The purpose of the the ID system, called Aadhar, is to deliver cash transfers from the government electronically, into bank accounts. (A good 40% of Indians don’t have bank accounts yet, another issue that needs to be rectified). Why is that so important? Any number of development tools—public pensions, welfare payments, universal education, basic healthcare—require a government to know who it is helping and how to reach them. Otherwise, there’s trouble, as UK economist Tim Harford points out:
Lacking UID, well-meaning governments are forced to resort to cruder approaches to poverty reduction: grain handouts that are hijacked by well-connected middlemen; subsidised fuel that’s expensive and ill-targeted and distorts the economy. According to a World Bank report last year, Social Protection for a Changing India, the country has hundreds of official anti-poverty programmes, and many of those who enjoy the benefits are not poor.
Indeed, fraud and excess costs have consumed as much as 71% of the 12% of GDP India spends on subsidies. Just as the the United States’ required Social Security numbers to institute its own social insurance systems, so India needs its equivalent. But it’s doing the US one better using bio-identification to ensure accuracy, adopting mobile technology and internet-based platform, as well as open standards. A similar program using iris identification in the state of Andhra Pradesh paid for itself within a month, according to the Center on Global Development.
Just as important is the push for universal identification is the push to create bank accounts for India’s citizens; economic research has shown that giving people the ability to build their assets through saving can make a huge dent in poverty. Operating in grey economy, without access to even basic financial services, is a recipe for economic and social problems. “Unless you can bring these people into the formal workforce, you end up creating a group of people who are disenfranchised,” Nikelani said in a TED Talk about his hopes for India.
The challenge right now is logistical; while pilot programs relying on Aadhar kick off on Jan. 1 in 43 districts, the plan is to adopt it in 18 states by April and across the country by April, 2014. As India’s Economic Times details, there are plenty of logistical obstacles to implementing this program; it took three years for the government to assign the first 250 million, and they expect to finish the job in fifteen months. Even the initial launch was reduced due to enrollment delays, and it will be harder to rural reach the areas where many of the neediest citizens reside.
Still, the United Progressive Alliance, India’s center-left coalition government, has made the program a major priority, in part to push back against allegations of corruption.
“This will reduce leakages, cut down corruption, eliminate middlemen, target beneficiaries better and speed up transfer of benefits to eligible individuals.
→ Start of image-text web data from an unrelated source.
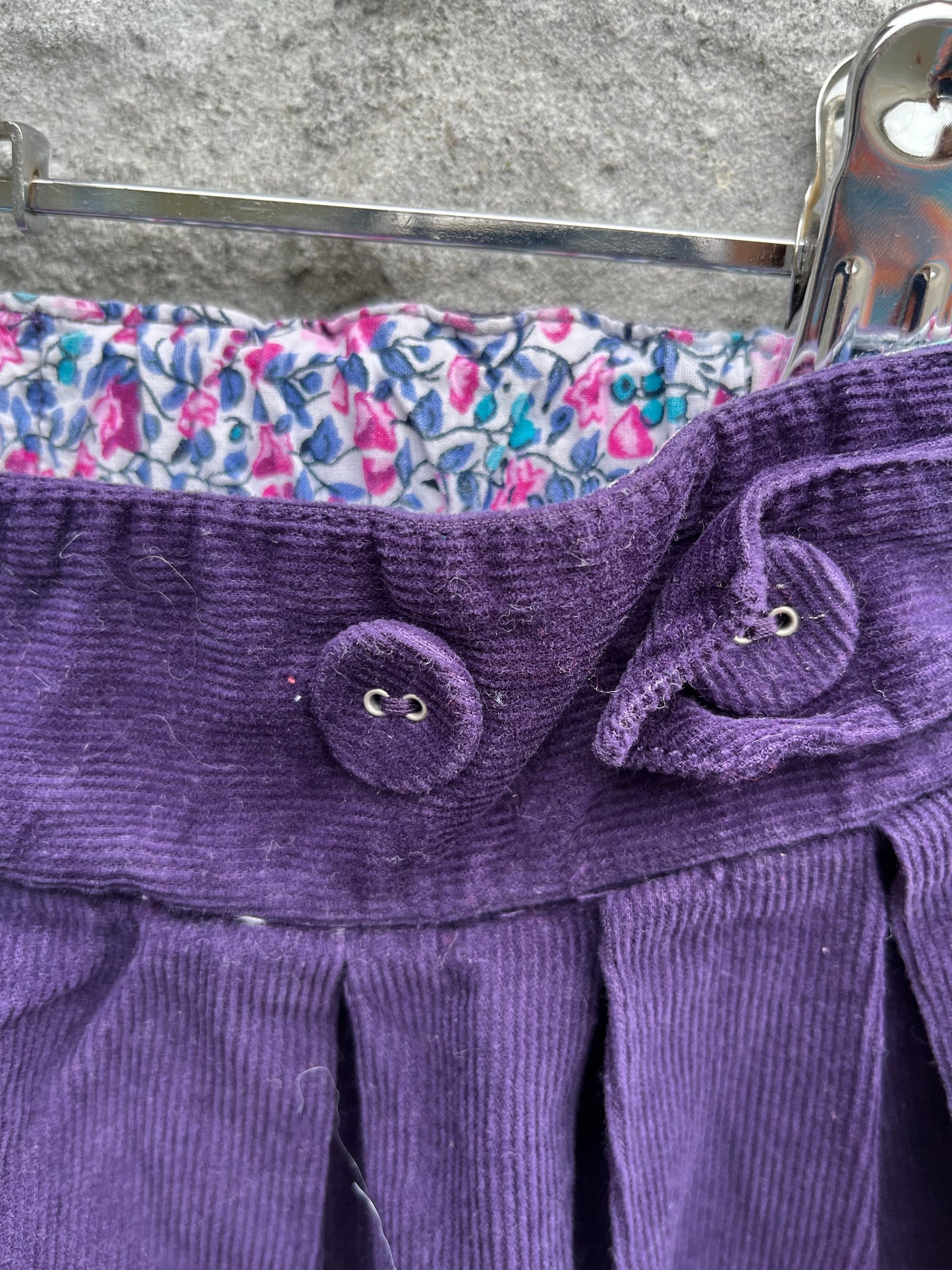Purple cord skirt 6-12m (62-80cm)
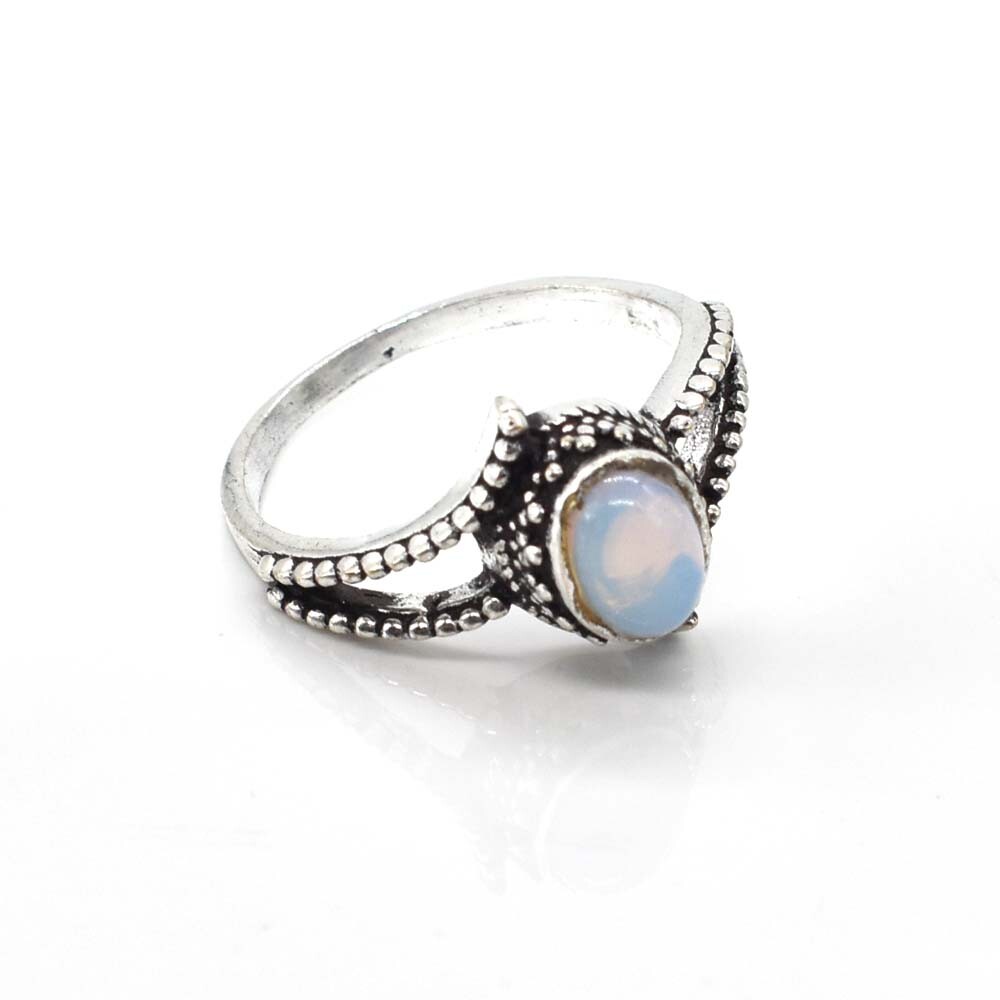 Milky Opalite Gorgeous Gemstone Jewelry Christmas Sale Ring Size 6.5 US q877-image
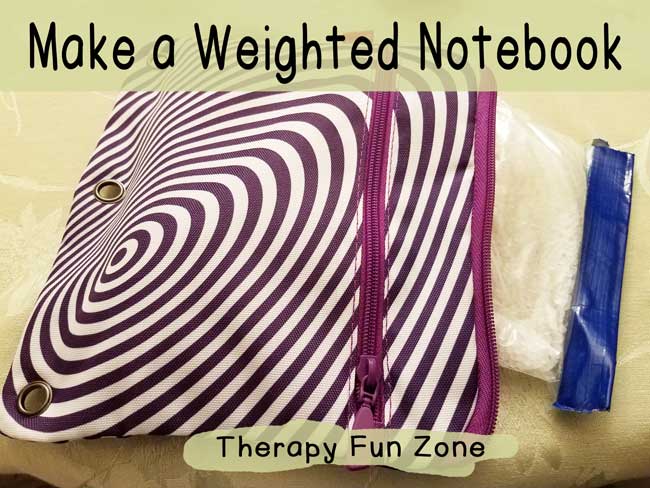Make a weighted notebook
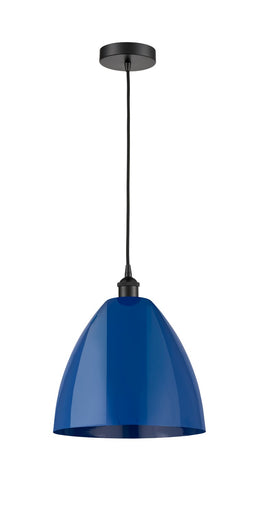 Edison One Light Mini Pendant Matte Black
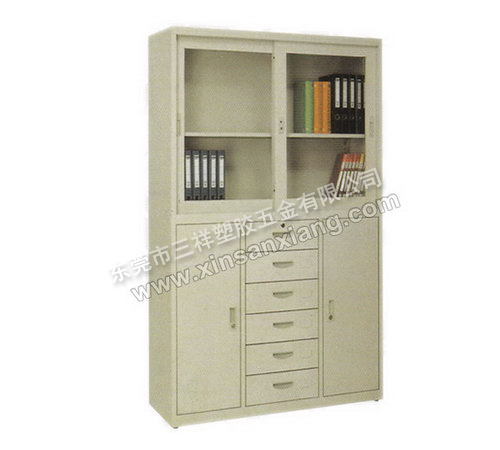 半玻中六抽櫃<br> 型號：TG-025<br>規格（gé）(mm)：1800H×1180W×400D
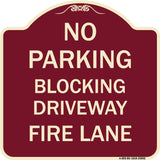 No Blocking Driveway Fire Lane
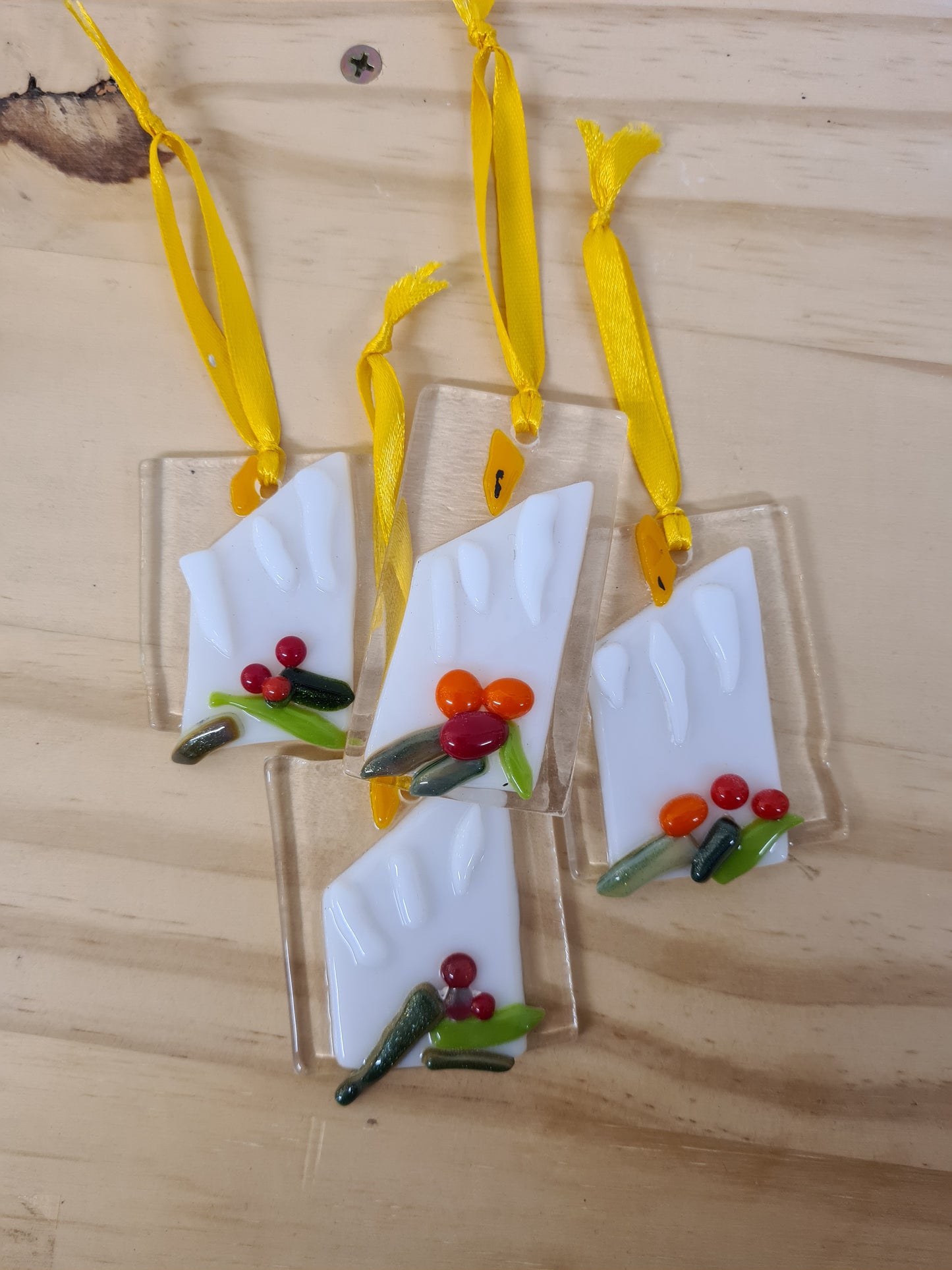 Warm Candle Hanging Christmas Ornament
It will, at one go, bring in crores of people into our banking system and mainstream them into our economy,” Prime Minister Manmohan Singh said, promising to put the country’s bureaucracy on a “war footing” to accomplish the program’s goals.
Whether or not the program is fully up-and-running on time is somewhat beside the point; if Nikelani and his team can continue learning from past mistakes and resolving bureaucratic snafus, there is an opportunity to increase India’s prosperity, and teach a few lessons to developing and developed countries alike.